_THE DATA_
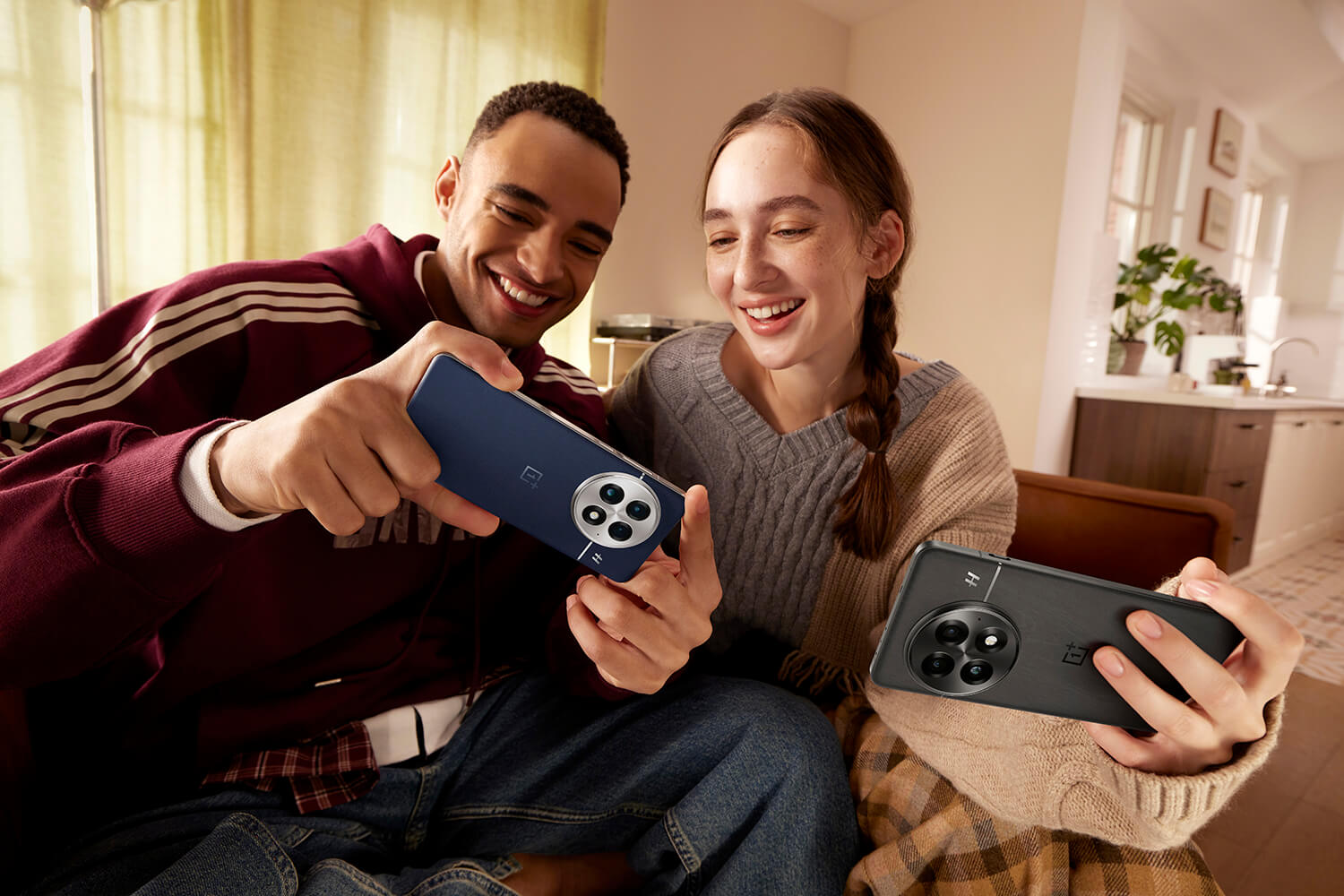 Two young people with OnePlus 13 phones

---

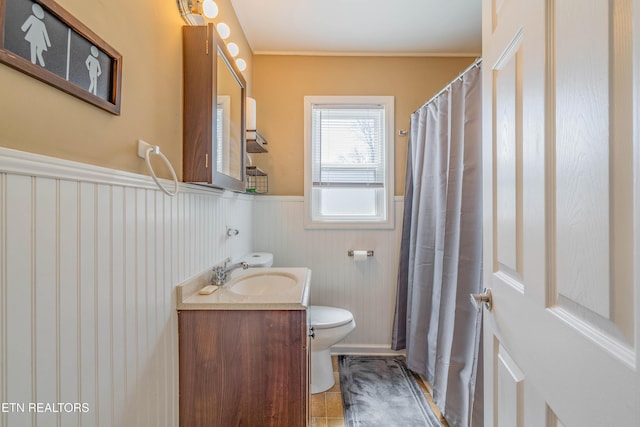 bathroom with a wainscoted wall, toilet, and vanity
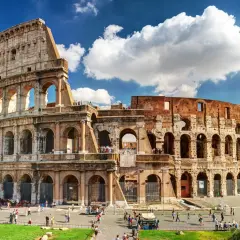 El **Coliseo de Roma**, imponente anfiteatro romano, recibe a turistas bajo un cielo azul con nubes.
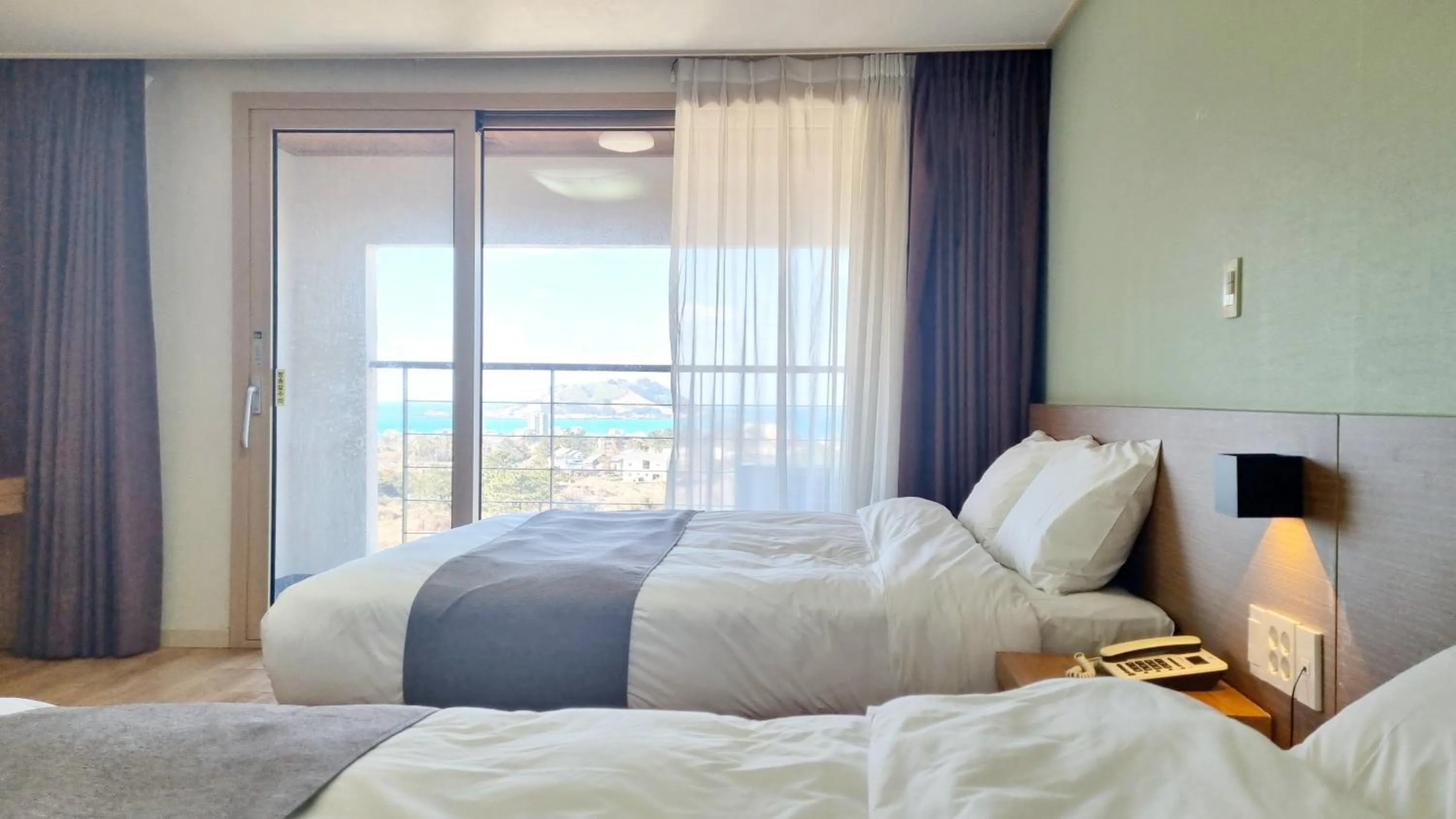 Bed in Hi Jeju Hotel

_PROBLEM TO WORK ON_
Take the material above from the line containing "El **Coliseo de" up to and including the line containing "Bed in Hi Jeju Hotel" and retype it exactly, without any pictures.

_PROBLEM SOLUTION_
 El **Coliseo de Roma**, imponente anfiteatro romano, recibe a turistas bajo un cielo azul con nubes.
 Bed in Hi Jeju Hotel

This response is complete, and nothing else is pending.